OK, you fine folks have convinced me. I am interested in fishing the GMR with my 14yo son early some mornings and around dusk. The two of us scouted the place out around the dam in West Carrollton, down through Miamisburg, Crains Run, and Franklin and saw several places that look like they are easy to reach for fishing from the bank. A few more spots looked interesting in Middletown via Google Maps.

However, there are a few posts here that make me concerned about the safety (not to mention a few curious references to backing in spots in Crains Run). Exactly how safe/unsafe is it (w/o carrying concealed)?


----------



## imalt (Apr 17, 2008)

Haven't fished crains run in a couple years but I never had any problems. I really like that area for smallies. I have never had a problem thru franklin or middletown either. At the same time I have also been considering concealed carry because you just never know what kind of weirdos are out there anymore.


----------



## samfishdyt (Sep 15, 2010)

Likewise I have never had any issues with people on the GMR where I have fished. I have fished in west carrollton, north of Dayton, never in Franklin, but considering the city doubt any saftey issues. Like previously said you never know when a problem will occur. In my years I have never had any issues fishing public land. Doesn't mean that tomorrow it won't happen. If you're worried carry a cell phone, and fish either in a very public place, or a very secluded private place. If you are considering obtaining a permit to carry concealed I would reccomend that you obtain additional saftey, and shooting training. There is no point having the ability to carry a firearm concealed and not knowing what to do in the event you're in a position to use it. Not saying you can't shoot or don't have training, but everyone can agree that more training/education will never hurt. Good luck and let us know how you do.


----------



## monsterKAT11 (Jun 20, 2004)

I haven't had many issues. My car almost got broken into at west carrollton, but some nice people told me and i was able to make my way up, thus causing them to run away. Even though i haven't had many issues on the river, you would never catch me fishing without a gun. Why even put yourself in a position where you can't protect yourself and your son. I would highly suggest carrying a gun with you, that's just me though.


----------



## bgrapala (Nov 1, 2008)

monsterKAT11 said:


> Why even put yourself in a position where you can't protect yourself and your son. I would highly suggest carrying a gun with you, that's just me though.



Agreed 100%


----------



## WishinIwasFishin (Apr 5, 2005)

nice to have some security. The secluded spots sometimes concern me more. If you have a lightweight it won't bother you too much. Just don't forget and lose it!


----------



## imalt (Apr 17, 2008)

On a side note where do you guys keep your gun. I get pretty deep wading sometimes So I wasnt sure to keep in the backpack I take or inside my waders which doesnt seem very convenient if I got into a bad situation. Also remember it might not always be people that could be a problem. The wildlife in some areas could be an issue


----------



## Salmonid (Apr 14, 2004)

I am like the others, I have never had any real probs along the GMR but am always watching my back and always make sure I am smart about where I am fishing. This goes with any fishing location, not just along the GMR. I would be more concerned if you were by yourself but with two adults ( I assume a 14 YO boy is large enough to be an adult size) the likelyhood of running into trouble would be slim to none, I would think you may have abigger problem with a car break in if your out after dark vs a confrontational issue. I also agree that a sucluded spot may be a bigger risk then a wide open close to the car or common area would be. this is true anywhere! 

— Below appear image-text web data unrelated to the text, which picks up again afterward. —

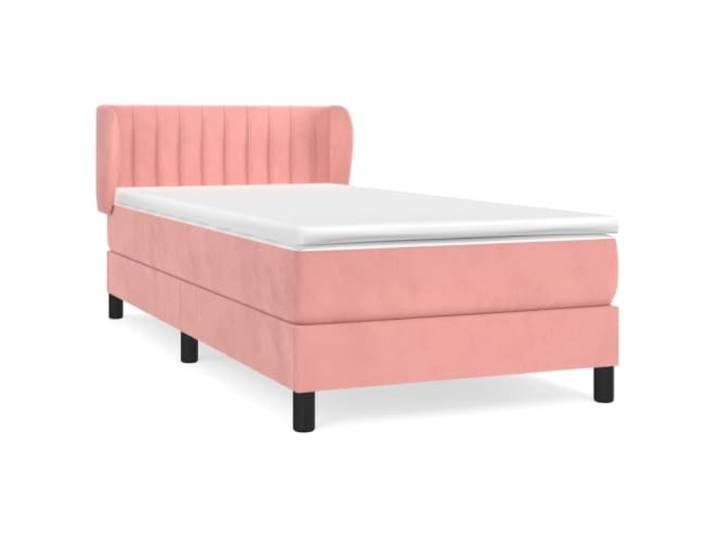 PUGYNBK Boxspringbett, Samt, Rosa, 90 x 190 cm Verstellbares Kopfteil, Taschenfederkernmatratze, mittlere Festigkeit, Matratzenschoner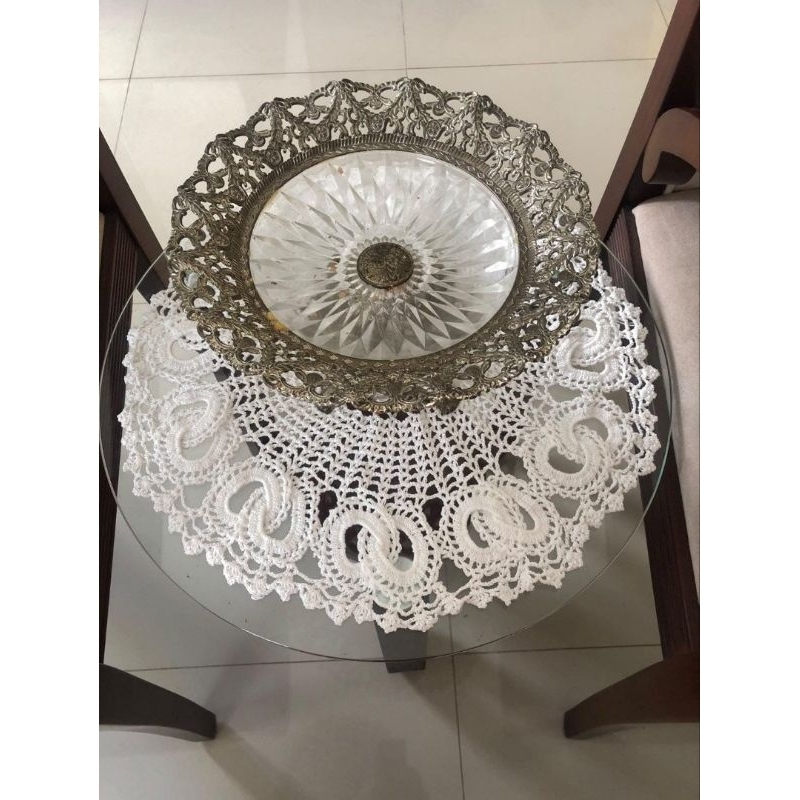 Tatakan Rajut Bulat / Taplak Meja Rajut Bulat Kecil 50 cm / Taplak Bulat Rajutan Handmade Premium / 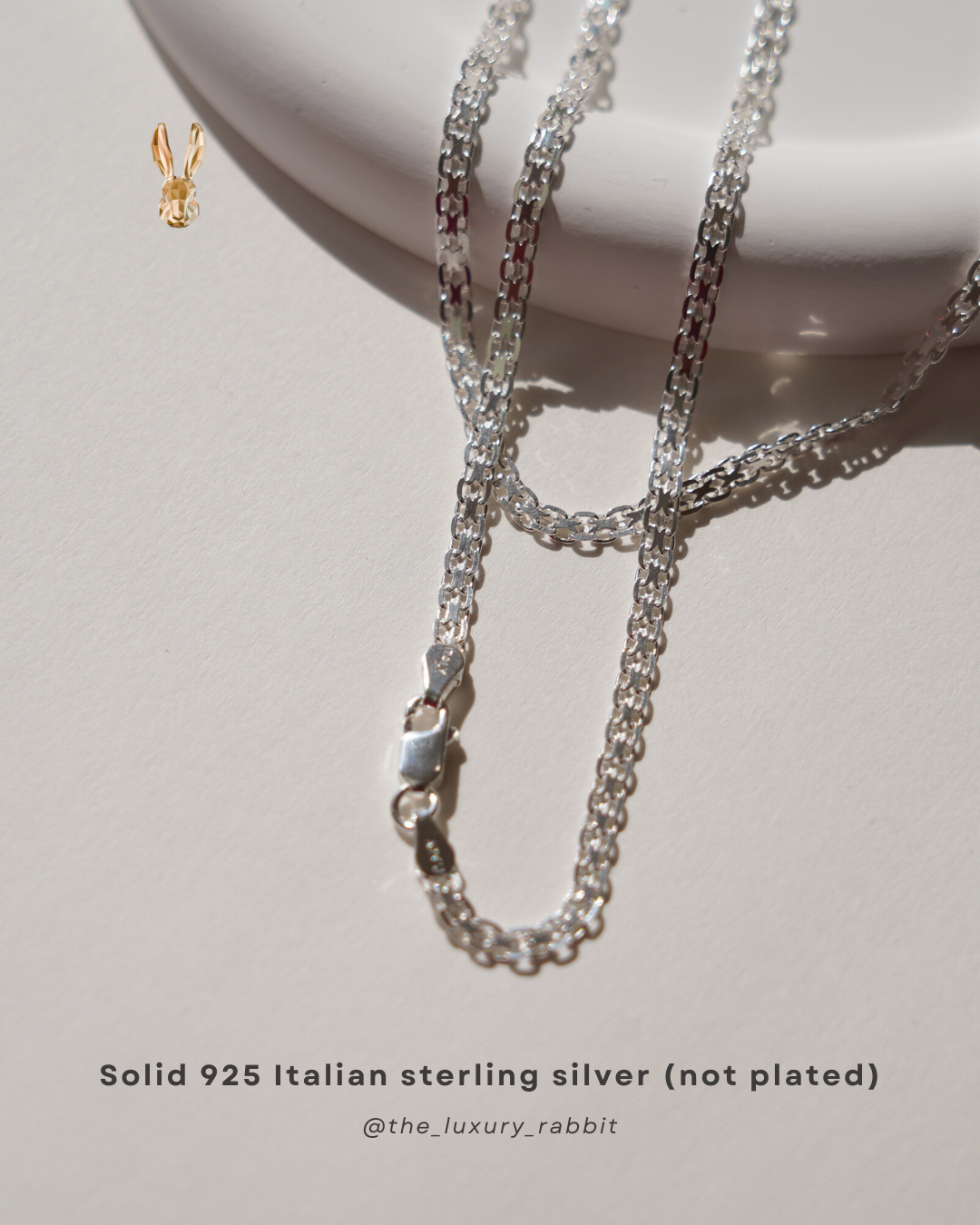 Italian 925 Silver bismark Chain Necklace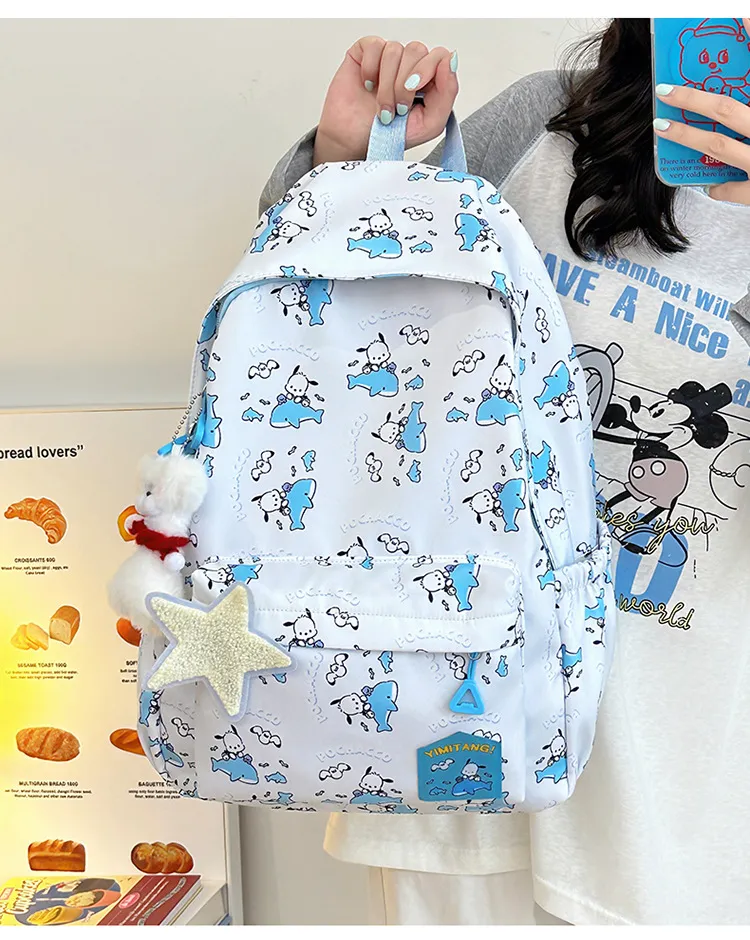 New Junior High School Nylon Backpack Cute Cartoon Hanger Print Large Capacity Boys and Girls School Backpack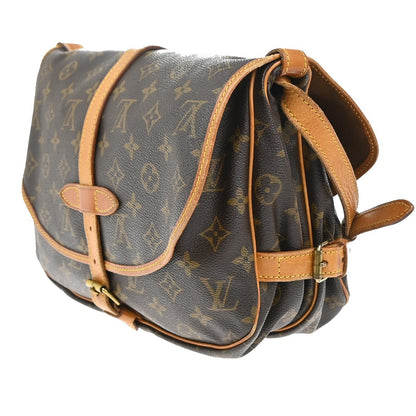 Louis Vuitton Saumur Handbag Monogram Canvas, BROWN, CANVAS, Shoulder bag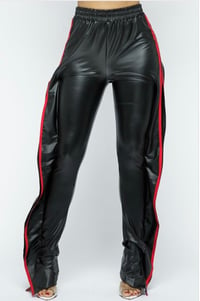 Image 1 of Faux- Leather Ruffled Track Pants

A lot of folks freak out over the cars backed in, waiting to meet other men, but I see it as a good thing when I am fishing, they obviously do not want to atract any attention to themselves so you do not need to worry about them breaking into your car and while they are there, they are watching everyone and others will not be breaking into your car either. They dont bother me and I dont bother them, I feel they are harmless generally.

Salmonid


----------



## samfishdyt (Sep 15, 2010)

I keep my gun on my waist. Don't do a lot of wading, but if I did I have a shoulder holster, and wouldn't go too deep.


----------



## Globadoc (Jun 27, 2011)

I appreciate the responses, folks. We'll pull in the spot forward and head over to the water and see what we can come up with. It's been a while since I've fished in a moving body of water and I'm anxious to see how it goes.


----------



## samfishdyt (Sep 15, 2010)

Globadoc said:


> I appreciate the responses, folks. We'll pull in the spot forward and head over to the water and see what we can come up with. It's been a while since I've fished in a moving body of water and I'm anxious to see how it goes.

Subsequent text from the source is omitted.